# Work instruction:
Go through the records and report each line in which the word "demonstrate" occurs.

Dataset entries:
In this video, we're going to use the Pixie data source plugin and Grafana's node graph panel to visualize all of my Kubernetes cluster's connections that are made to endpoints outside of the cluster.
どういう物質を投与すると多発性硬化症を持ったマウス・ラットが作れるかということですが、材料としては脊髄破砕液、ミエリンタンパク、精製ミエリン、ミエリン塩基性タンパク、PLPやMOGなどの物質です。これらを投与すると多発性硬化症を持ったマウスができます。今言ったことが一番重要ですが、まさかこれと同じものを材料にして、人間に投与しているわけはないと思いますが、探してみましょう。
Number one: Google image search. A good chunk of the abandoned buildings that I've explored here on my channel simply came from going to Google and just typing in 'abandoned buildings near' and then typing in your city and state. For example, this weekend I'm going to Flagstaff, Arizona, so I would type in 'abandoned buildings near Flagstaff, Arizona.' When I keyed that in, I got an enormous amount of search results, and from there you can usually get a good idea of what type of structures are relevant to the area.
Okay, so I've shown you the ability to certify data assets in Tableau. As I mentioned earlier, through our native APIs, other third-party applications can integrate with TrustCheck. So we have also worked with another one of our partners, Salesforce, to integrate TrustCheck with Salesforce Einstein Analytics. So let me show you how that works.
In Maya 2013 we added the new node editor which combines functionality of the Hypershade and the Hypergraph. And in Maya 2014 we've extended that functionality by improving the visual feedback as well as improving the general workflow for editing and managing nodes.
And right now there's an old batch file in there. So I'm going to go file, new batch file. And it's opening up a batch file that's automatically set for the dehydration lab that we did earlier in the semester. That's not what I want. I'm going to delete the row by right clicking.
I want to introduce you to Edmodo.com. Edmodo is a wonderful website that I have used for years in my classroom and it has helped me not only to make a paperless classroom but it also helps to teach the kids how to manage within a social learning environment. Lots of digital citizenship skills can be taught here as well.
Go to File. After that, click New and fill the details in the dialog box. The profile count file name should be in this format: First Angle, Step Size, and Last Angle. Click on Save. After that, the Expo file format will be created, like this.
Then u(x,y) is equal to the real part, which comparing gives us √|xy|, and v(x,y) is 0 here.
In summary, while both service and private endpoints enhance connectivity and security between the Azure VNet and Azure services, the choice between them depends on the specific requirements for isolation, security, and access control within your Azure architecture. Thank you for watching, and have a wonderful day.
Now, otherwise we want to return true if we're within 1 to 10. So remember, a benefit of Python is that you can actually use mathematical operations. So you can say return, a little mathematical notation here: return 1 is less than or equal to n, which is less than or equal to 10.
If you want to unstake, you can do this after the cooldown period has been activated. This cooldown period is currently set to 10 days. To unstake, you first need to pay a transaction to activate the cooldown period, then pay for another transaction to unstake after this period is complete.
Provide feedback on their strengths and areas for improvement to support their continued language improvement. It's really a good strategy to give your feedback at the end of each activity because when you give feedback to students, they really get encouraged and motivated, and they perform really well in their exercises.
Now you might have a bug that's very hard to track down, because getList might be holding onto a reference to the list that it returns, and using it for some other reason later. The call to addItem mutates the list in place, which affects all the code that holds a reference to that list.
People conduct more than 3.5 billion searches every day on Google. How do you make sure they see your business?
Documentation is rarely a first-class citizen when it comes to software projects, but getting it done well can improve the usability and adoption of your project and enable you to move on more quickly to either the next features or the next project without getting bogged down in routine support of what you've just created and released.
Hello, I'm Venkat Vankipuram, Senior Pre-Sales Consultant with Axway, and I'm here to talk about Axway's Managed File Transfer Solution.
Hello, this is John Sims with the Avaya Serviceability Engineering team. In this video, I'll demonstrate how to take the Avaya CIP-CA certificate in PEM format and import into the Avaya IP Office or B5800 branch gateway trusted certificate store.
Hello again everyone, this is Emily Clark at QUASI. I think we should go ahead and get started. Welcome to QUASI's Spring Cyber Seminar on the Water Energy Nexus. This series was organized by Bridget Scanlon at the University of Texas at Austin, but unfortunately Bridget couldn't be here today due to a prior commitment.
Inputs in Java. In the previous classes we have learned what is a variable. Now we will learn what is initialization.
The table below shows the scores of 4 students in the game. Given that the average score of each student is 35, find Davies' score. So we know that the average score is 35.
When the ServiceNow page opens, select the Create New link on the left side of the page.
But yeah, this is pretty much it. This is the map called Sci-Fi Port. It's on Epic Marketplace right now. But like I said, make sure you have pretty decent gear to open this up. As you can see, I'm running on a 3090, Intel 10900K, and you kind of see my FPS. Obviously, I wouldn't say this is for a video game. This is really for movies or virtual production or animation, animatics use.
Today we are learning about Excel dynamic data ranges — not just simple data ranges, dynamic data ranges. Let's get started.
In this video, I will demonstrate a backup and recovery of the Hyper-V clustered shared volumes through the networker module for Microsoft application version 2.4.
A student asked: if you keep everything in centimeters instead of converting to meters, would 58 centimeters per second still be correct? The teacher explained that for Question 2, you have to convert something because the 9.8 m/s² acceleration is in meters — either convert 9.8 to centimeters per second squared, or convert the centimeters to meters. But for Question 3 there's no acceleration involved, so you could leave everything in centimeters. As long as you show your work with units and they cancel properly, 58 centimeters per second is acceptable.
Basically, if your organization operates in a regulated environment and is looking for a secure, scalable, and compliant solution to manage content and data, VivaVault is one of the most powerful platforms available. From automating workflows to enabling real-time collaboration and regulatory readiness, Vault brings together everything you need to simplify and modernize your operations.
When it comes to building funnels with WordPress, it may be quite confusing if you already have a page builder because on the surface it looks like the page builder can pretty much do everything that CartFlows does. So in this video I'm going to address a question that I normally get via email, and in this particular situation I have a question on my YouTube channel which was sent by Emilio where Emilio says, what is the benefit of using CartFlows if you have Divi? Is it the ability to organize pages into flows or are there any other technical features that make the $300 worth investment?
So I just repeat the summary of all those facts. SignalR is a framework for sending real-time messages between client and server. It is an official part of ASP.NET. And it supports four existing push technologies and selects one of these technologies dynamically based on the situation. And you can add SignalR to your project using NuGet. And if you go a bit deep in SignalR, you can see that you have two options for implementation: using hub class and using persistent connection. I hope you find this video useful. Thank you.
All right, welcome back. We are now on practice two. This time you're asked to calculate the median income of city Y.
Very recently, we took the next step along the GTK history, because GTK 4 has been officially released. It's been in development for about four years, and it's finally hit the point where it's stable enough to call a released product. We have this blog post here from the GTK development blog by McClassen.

# The completed task:
Hello, this is John Sims with the Avaya Serviceability Engineering team. In this video, I'll demonstrate how to take the Avaya CIP-CA certificate in PEM format and import into the Avaya IP Office or B5800 branch gateway trusted certificate store.
In this video, I will demonstrate a backup and recovery of the Hyper-V clustered shared volumes through the networker module for Microsoft application version 2.4.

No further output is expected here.